◆ **What needs to be done**
For the records below, copy exactly the span that begins at the line containing "Item preview, Chevy" and stops after the line containing "리퍼 WLG4S-3P3132 센서 기능 리퍼는 정상", minus any pictures.

◆ **Given entries**
○ ○ ○ ○

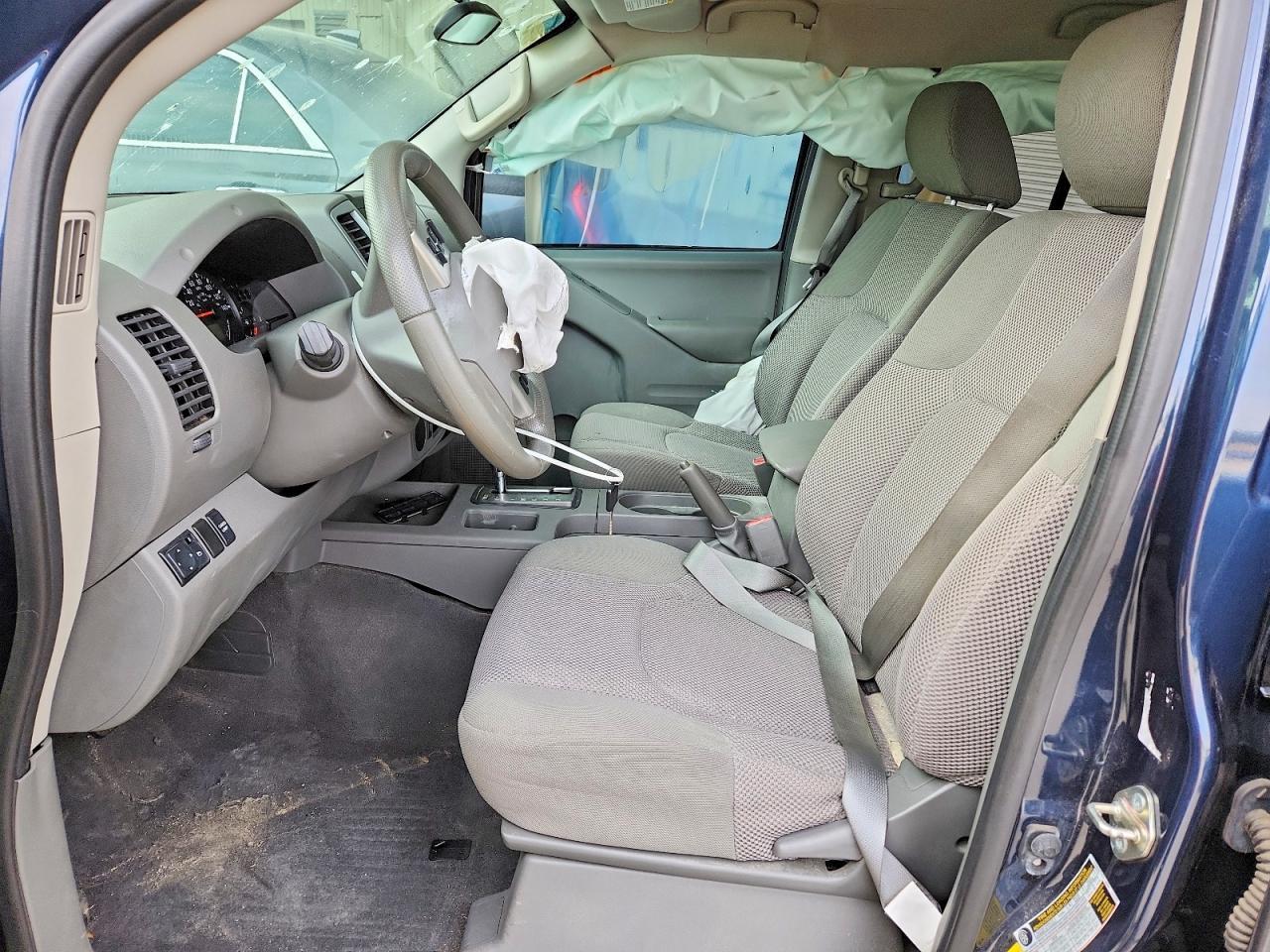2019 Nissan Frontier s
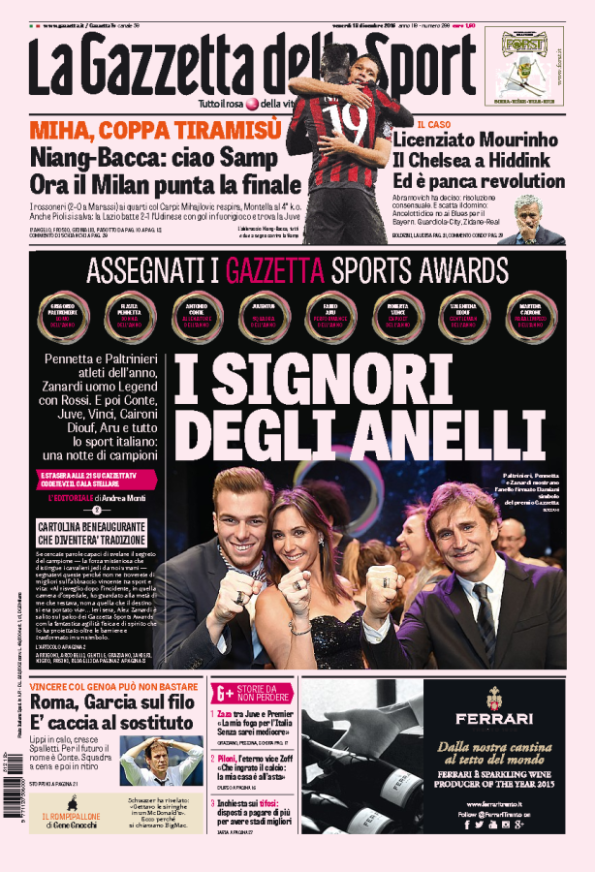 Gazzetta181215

○ ○ ○ ○

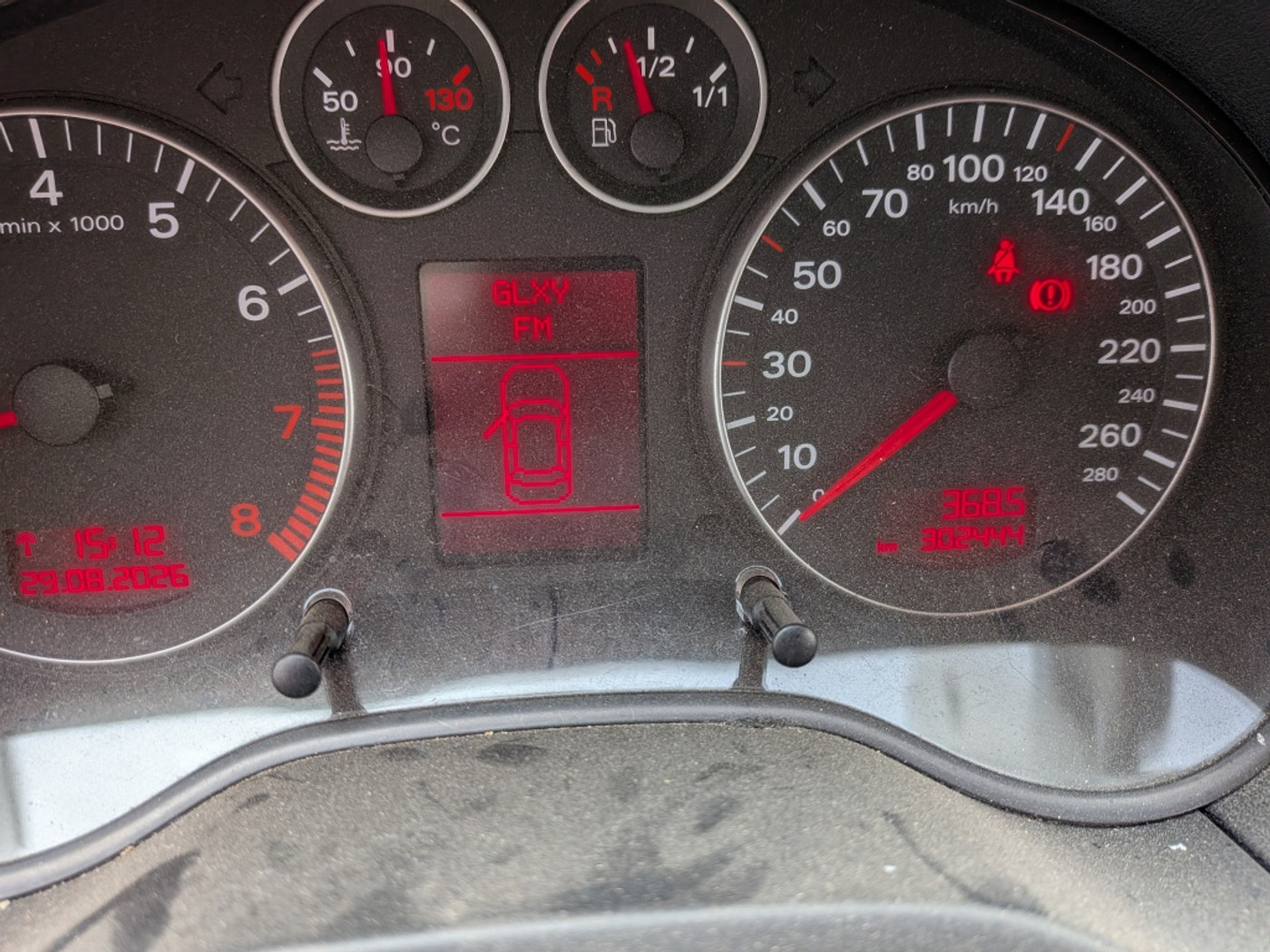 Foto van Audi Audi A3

○ ○ ○ ○

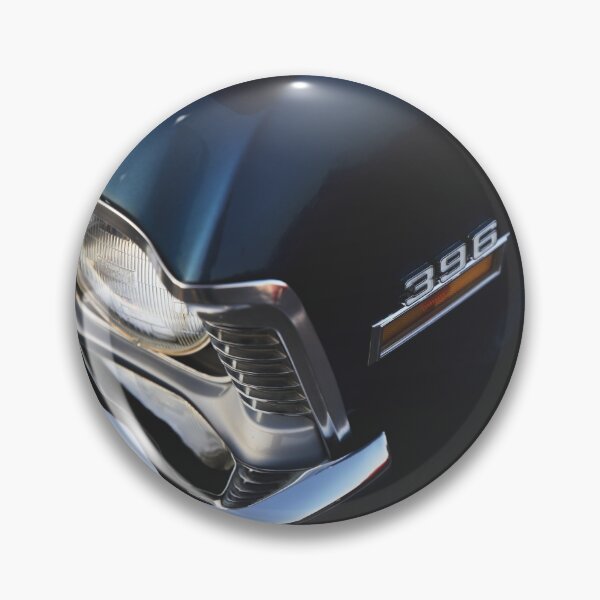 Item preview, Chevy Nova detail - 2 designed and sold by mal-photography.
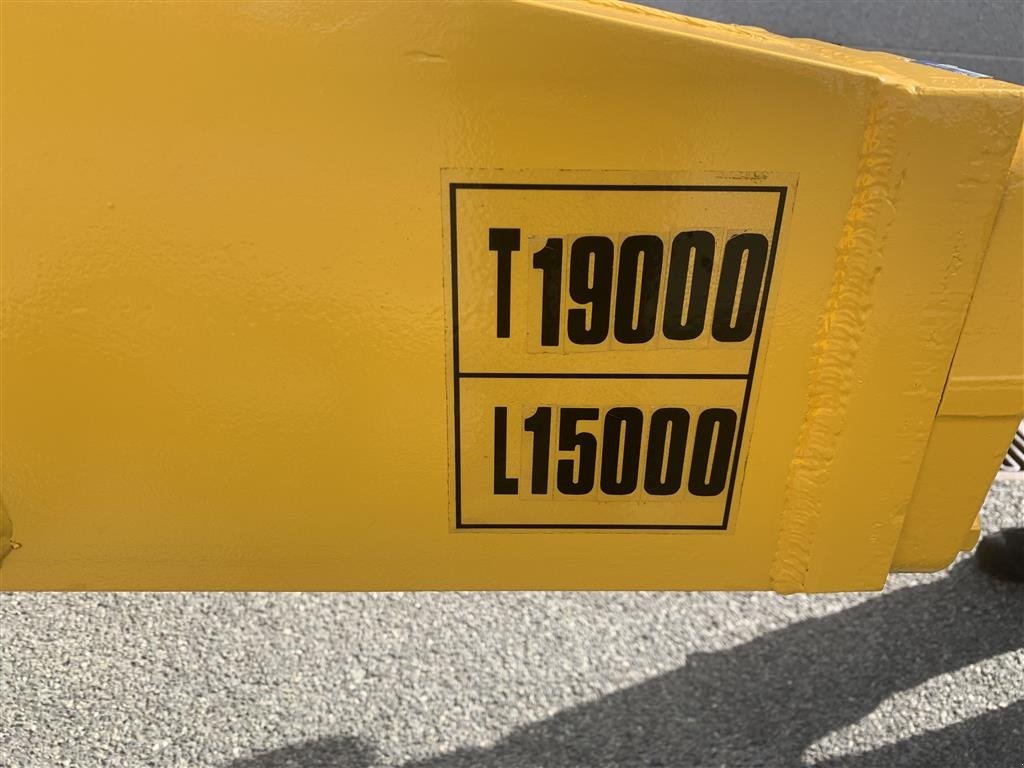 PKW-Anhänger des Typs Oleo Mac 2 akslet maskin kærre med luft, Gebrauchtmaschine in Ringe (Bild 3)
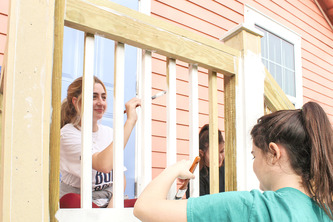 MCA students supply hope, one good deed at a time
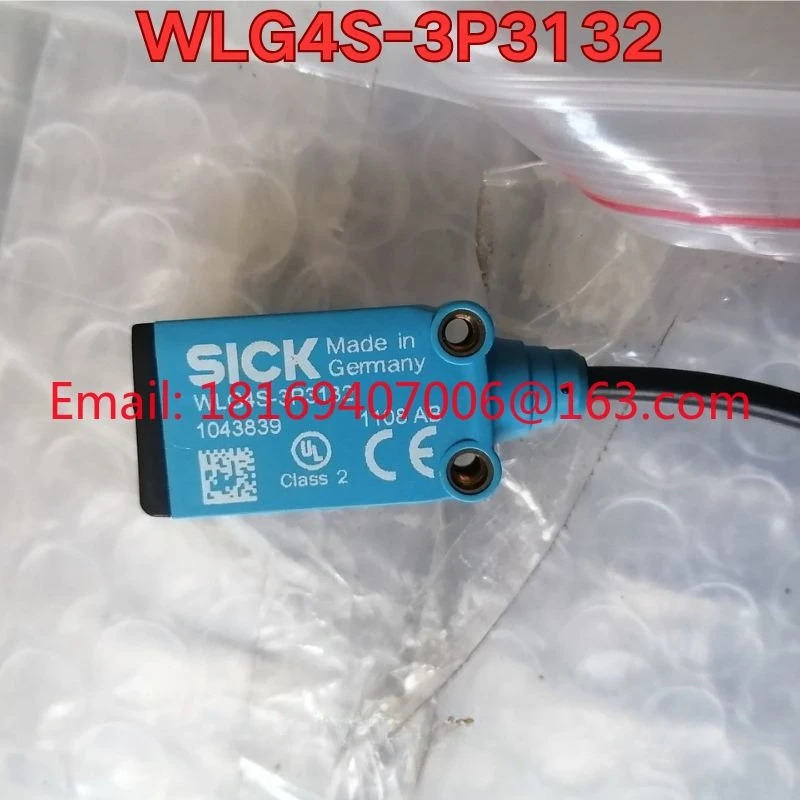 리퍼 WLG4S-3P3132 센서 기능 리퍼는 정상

○ ○ ○ ○

◆ **Task result**
 Item preview, Chevy Nova detail - 2 designed and sold by mal-photography.
 PKW-Anhänger des Typs Oleo Mac 2 akslet maskin kærre med luft, Gebrauchtmaschine in Ringe (Bild 3)
 MCA students supply hope, one good deed at a time
 리퍼 WLG4S-3P3132 센서 기능 리퍼는 정상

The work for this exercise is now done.